Port privatisation talk a ‘nasty joke’


HASTINGS MP Neale Burgess has ridiculed speculation the Port of Hastings could be privatised, labelling any plans that pre-empt the outcome of a $110 million state government planning study as “a nasty joke”.

While refusing to rule out potential future privatisation, Mr Burgess said it was ridiculous to speculate on possible financing models when feasibility studies into the viability of the project were yet to be completed.

A report in the 18 January edition of The Age newspaper suggested the state government was “actively considering” privatising the ports of Melbourne and Hastings to raise up to $8 billion.
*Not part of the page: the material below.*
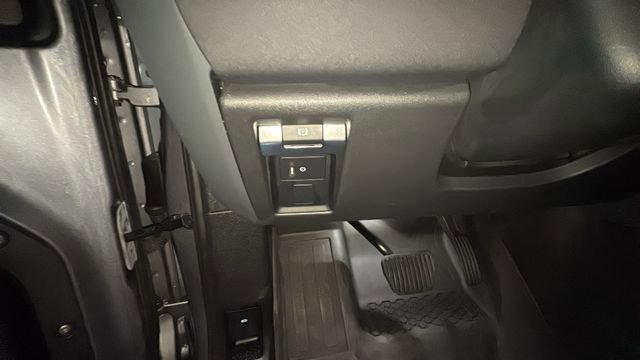 Used 2022 Land Rover Defender 110 X-Dynamic SE image 12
The state Labor opposition has also pledged to lease the Port of Melbourne to a private operator under a long-term deal to pay for its multi-billion dollar transport blueprint.

However, Mr Burgess said the privatisation proposals were irresponsible ahead of the completion of studies aimed at identifying the best model for Melbourne’s container transport needs, which are forecast to increase six-fold by 2050.

“Labor has already decided to sell off [the Port of Melbourne] without doing any homework at all,” he said. “But that’s what a responsible government does: you do all the necessary homework to identify the best possible option for the people of Victoria.”

He said “any moves to privatise the Port of Melbourne would obviously have serious implications for the Port of Hastings”.

“That’s why we’ve allocated $110 million over four years for a comprehensive study so that we can determine the best way to move ahead.

“Before we can determine the best way to move ahead and identify the best way of using taxpayers’ money, we need to know all the facts and identify potential environmental and social impacts.”

Asked if those options could include privatisation of port operations, Mr Burgess said: “Everything is on the table when we’re looking to identify the best option.”

However, he said it was implausible the project would attract public sector interest ahead of completion of environmental, geological and social-impact studies that could drastically affect eventual costs, which were presently estimated at up to $12 billion.

“No one in the private sector is going to move on a project like this without knowing all the facts.

“I can’t imagine any private interests wanting to come in while there are any unknowns, and right now there are so many unknowns.”

Mr Burgess said he believed expansion of Port of Hastings would prove to be the best solution for Melbourne’s future cargo needs, and the state g overnment was moving “full steam ahead” with planning for the project.